Work item:
Write out the listing below in full and exactly, leaving out every picture.

Source data:

====

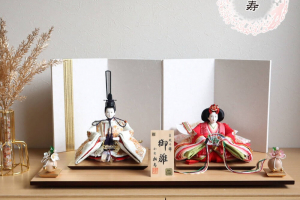 小出松寿作、市川伯英頭の雛人形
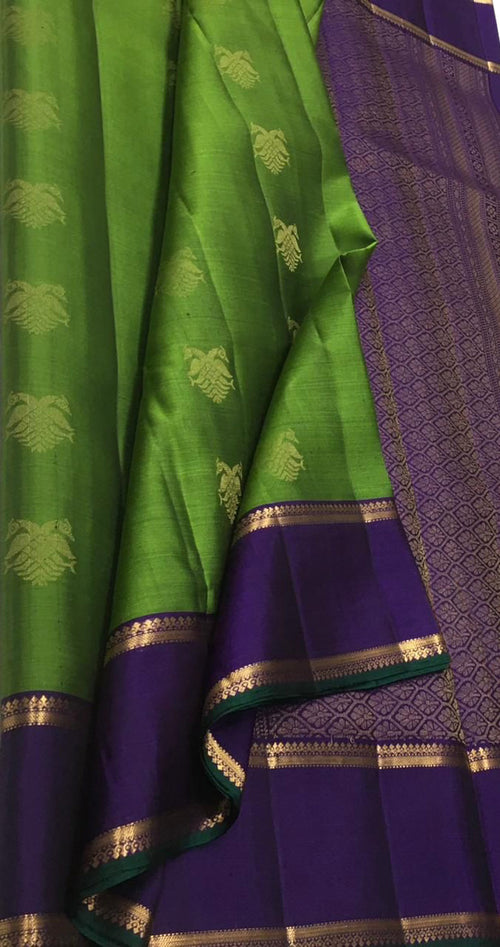 Green Handloom Kanjeevaram Pure Silk Saree - Luxurion World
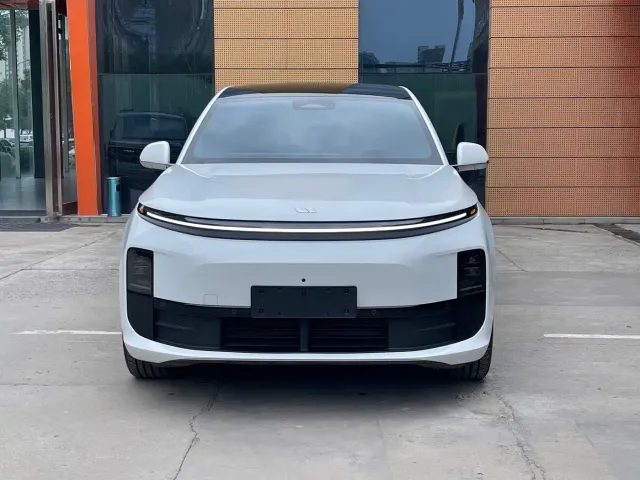 Li Auto L6 — Фото автомобиля 2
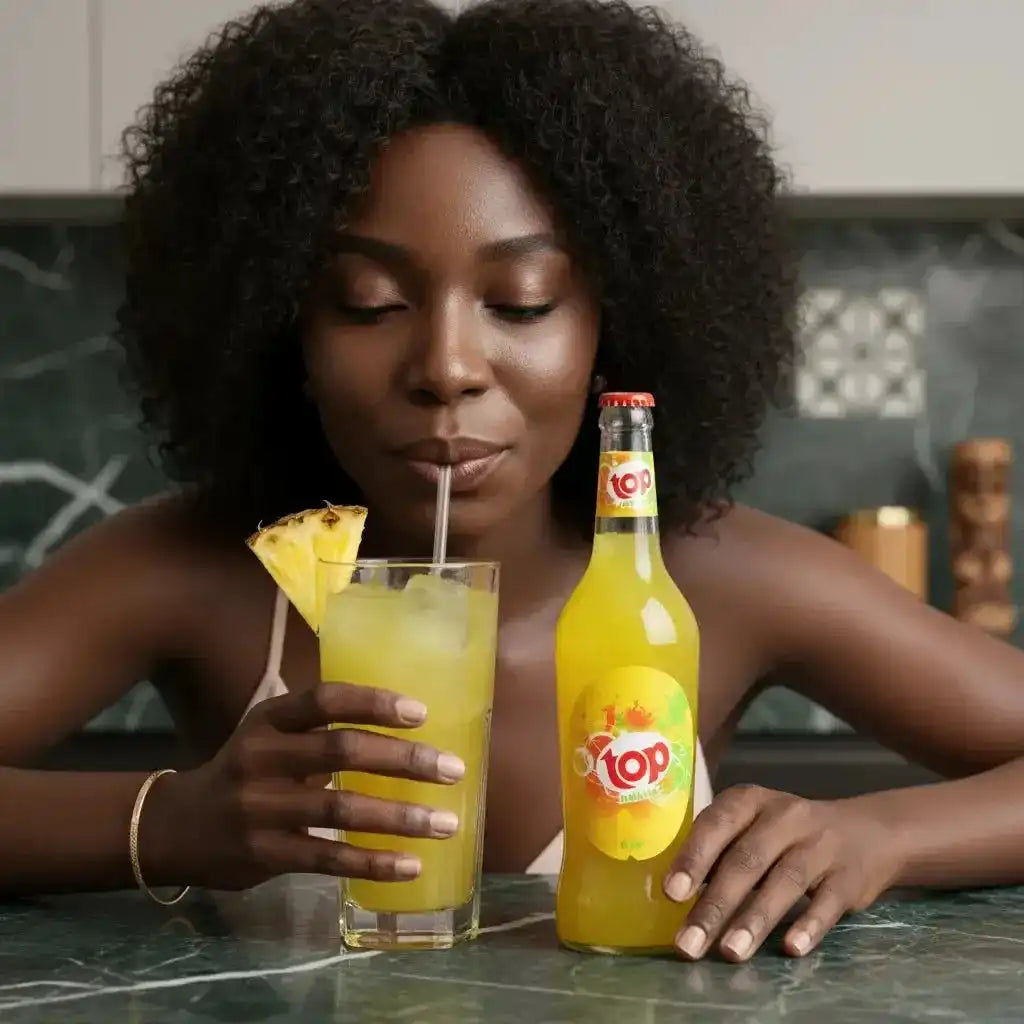 Femme dégustant un verre de Soda ananas TOP avec tranche d’ananas, boisson rafraîchissante au goût tropical, parfaite pour se désaltérer.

====

Solution for this task:
 小出松寿作、市川伯英頭の雛人形
 Green Handloom Kanjeevaram Pure Silk Saree - Luxurion World
 Li Auto L6 — Фото автомобиля 2
 Femme dégustant un verre de Soda ananas TOP avec tranche d’ananas, boisson rafraîchissante au goût tropical, parfaite pour se désaltérer.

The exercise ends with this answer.